En el prólogo que el estadounidense Jeffrey Eugenides escribe para My Mistress’s Sparrow Is Dead, una compilación de cuentos románticos seleccionados por él mismo, asegura muy sabiamente que en las historias de amor nunca hay una sola gota de amor. En ellas hay desdichas, sufrimientos, promesas incumplidas y desesperación. Sobre todo desesperación. Porque cuando realmente hay amor no hay historias que contar: todo es calma. Ya saben, como esos lagos quietos en donde no sopla ni el viento. En cambio, donde hay desamor, malentendidos, quiebres inesperados, matrimonios hundidos por la rutina, o amores no correspondidos, ahí sí hay historias que contar. Así, las historias de amor, según Eugenides, realmente serían historias de desamor.

Con las cartas, como sospecharán, sucede exactamente lo mismo.

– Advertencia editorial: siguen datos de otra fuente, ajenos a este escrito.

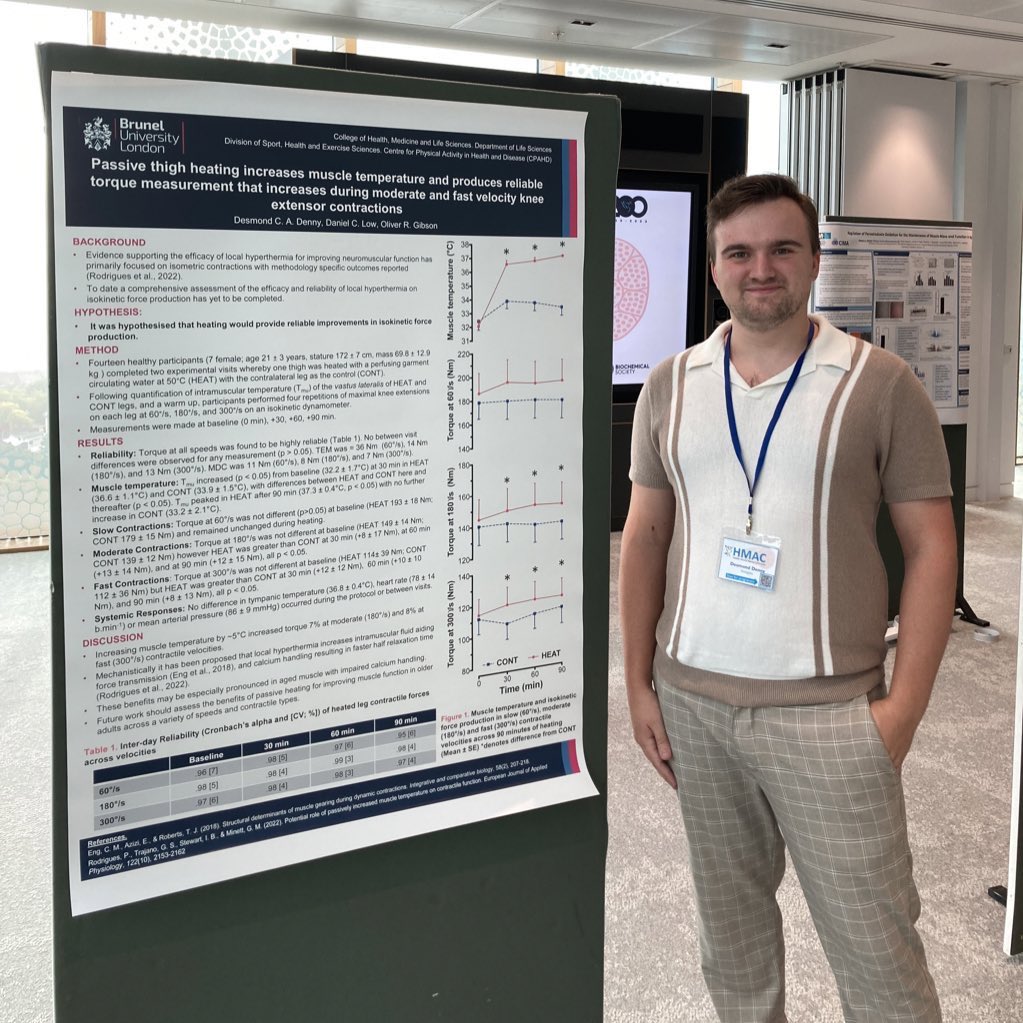Oli Gibson (@iamolivergibson) on Twitter photo Brilliant to see work from doctoral researcher Desmond Denny‘s first PhD study on display at <a href="/LJMUSportSci/">LJMU Sport Science</a>’s excellent Healthy Muscle Ageing Conference #HMAC2023 <a href="/Bruneluni/">Brunel University of London</a> <a href="/BrunelResearch/">Brunel Research</a> <a href="/LifeBrunel/">Life Sciences at Brunel</a> <a href="/Dr_Dan_Low/">Daniel Low</a> Brilliant to see work from doctoral researcher Desmond Denny‘s first PhD study on display at <a href="/LJMUSportSci/">LJMU Sport Science</a>’s excellent Healthy Muscle Ageing Conference #HMAC2023 <a href="/Bruneluni/">Brunel University of London</a> <a href="/BrunelResearch/">Brunel Research</a> <a href="/LifeBrunel/">Life Sciences at Brunel</a> <a href="/Dr_Dan_Low/">Daniel Low</a>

Una carta de amor seria y responsable, completamente asumida, sería como la que el bueno de Flaubert, uno de esos escritores con epistolarios acaso más contundentes y memorables que sus propias novelas, le escribió a Colet la noche del 6 de agosto de 1846: “¿Despreciarte, dices, porque te has entregado a mí demasiado pronto? ¿Has sido capaz de pensarlo? ¡Nunca, nunca, hagas lo que hagas, ocurra lo que ocurra! Me entrego a ti de por vida, a ti, a tu hija, a los que desees. Es una promesa: retenla y haz uso de ella. La hago porque puedo cumplirla”.

Otro tipo de carta de amor, ya no revelada contra la incomprensión de la amante sino contra la torpeza del mismo escritor, sería esta: “Y si a veces me pongo un poco sentimental, no te enojes demasiado… Me gustaría ser más inteligente o más certero, escribirte cartas maravillosas. Debo resignarme a conjugar el verbo amar, a repetir por milésima vez que nunca quise a nadie como te quiero a ti, que te admiro, que te respeto, que me gustas, que me diviertes, que me emocionas, que te adoro”.

Esa la escribió Rulfo.

“Debo resignarme a conjugar el verbo amar”: ese es el conflicto. Ese es el amor enfrentado a la palabra escrita. Ese es el centro y el problema que debe resolver cualquier carta.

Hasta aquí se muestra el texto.